* [Activity]: From the listing that follows, reproduce only the lines from the one holding "Charming 3 Bedrooms" through the one holding "1 Bedroom Flat", both included, with no pictures.

* [Data shown]:

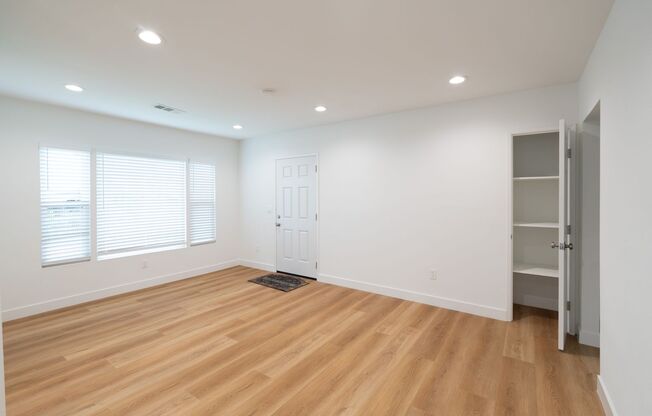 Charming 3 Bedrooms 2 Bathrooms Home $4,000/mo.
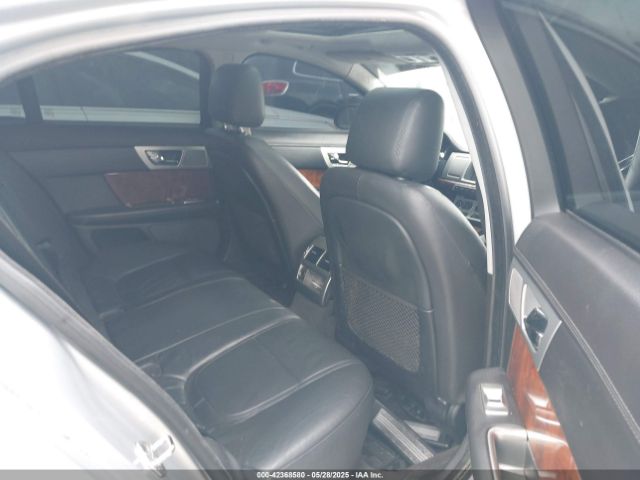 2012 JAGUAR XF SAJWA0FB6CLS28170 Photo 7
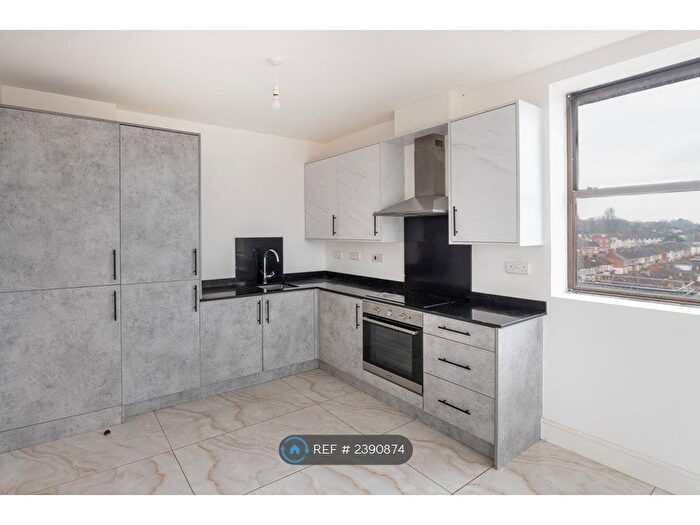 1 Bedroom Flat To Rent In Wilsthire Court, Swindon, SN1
==
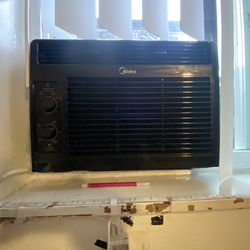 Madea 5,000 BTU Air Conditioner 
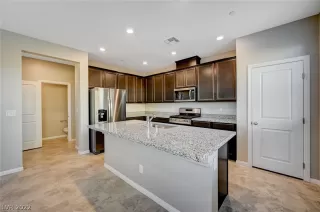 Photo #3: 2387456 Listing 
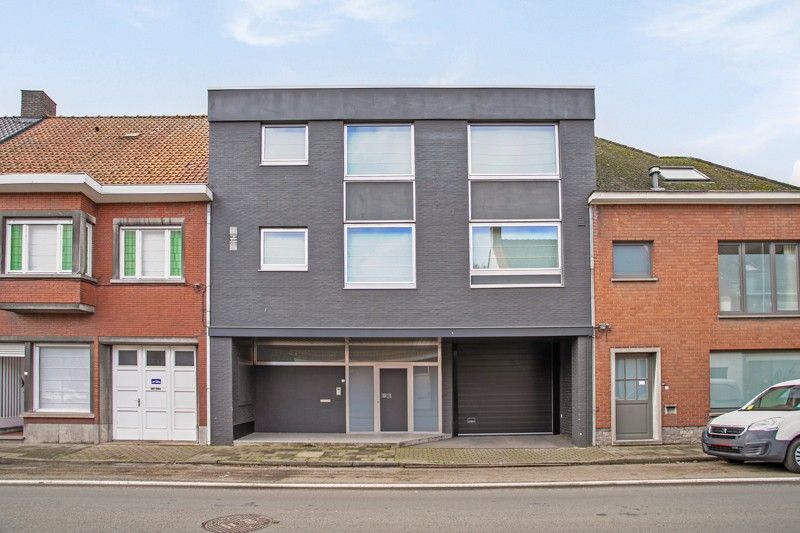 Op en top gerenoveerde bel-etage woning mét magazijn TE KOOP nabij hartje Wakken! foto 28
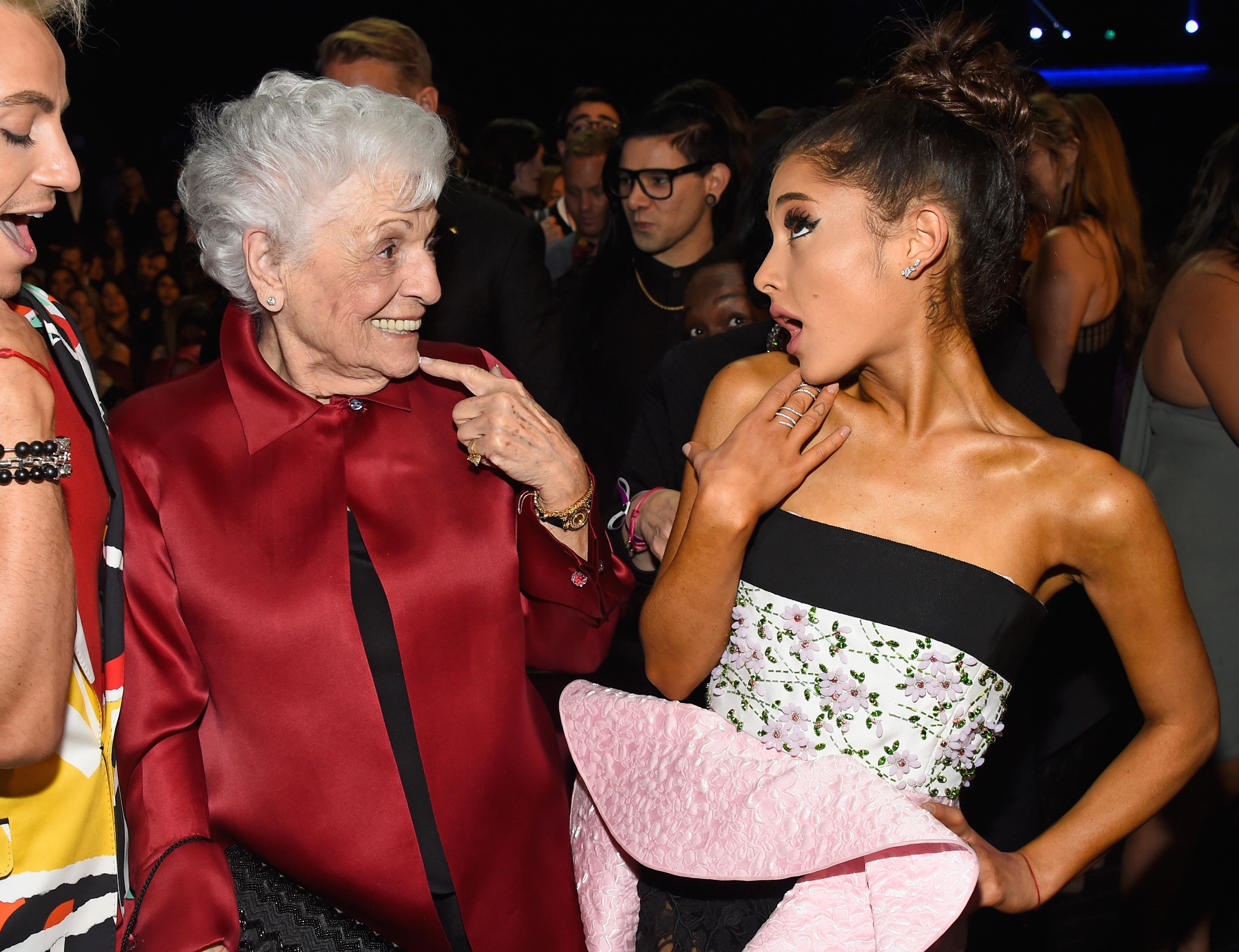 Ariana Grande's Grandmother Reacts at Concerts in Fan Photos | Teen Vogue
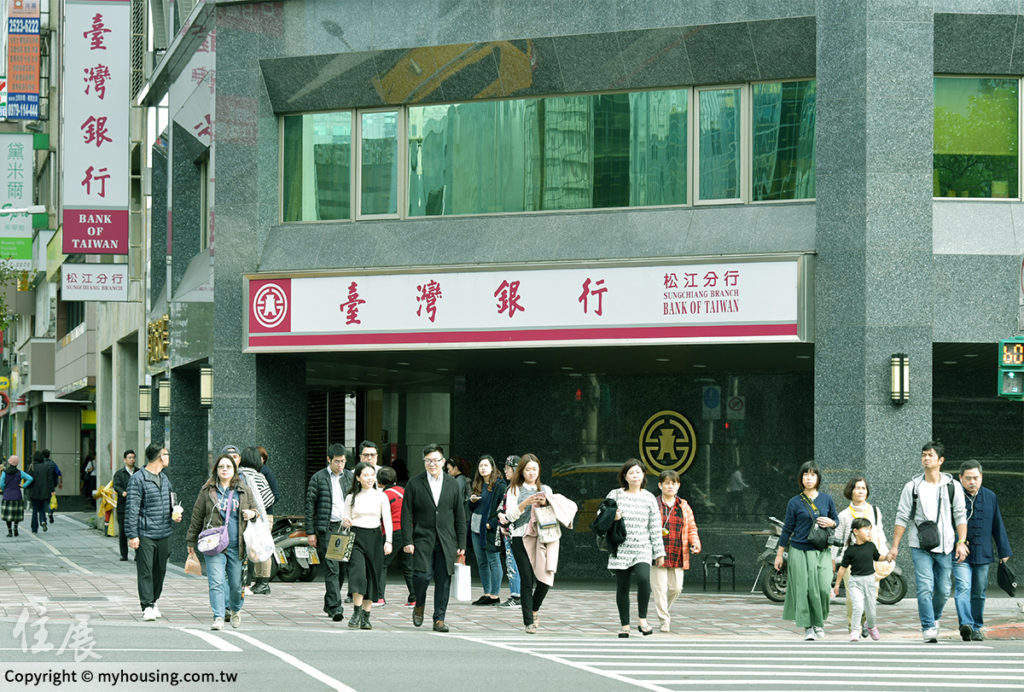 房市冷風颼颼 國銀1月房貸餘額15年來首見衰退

* [Expected answer]:
 Charming 3 Bedrooms 2 Bathrooms Home $4,000/mo.
 2012 JAGUAR XF SAJWA0FB6CLS28170 Photo 7
 1 Bedroom Flat To Rent In Wilsthire Court, Swindon, SN1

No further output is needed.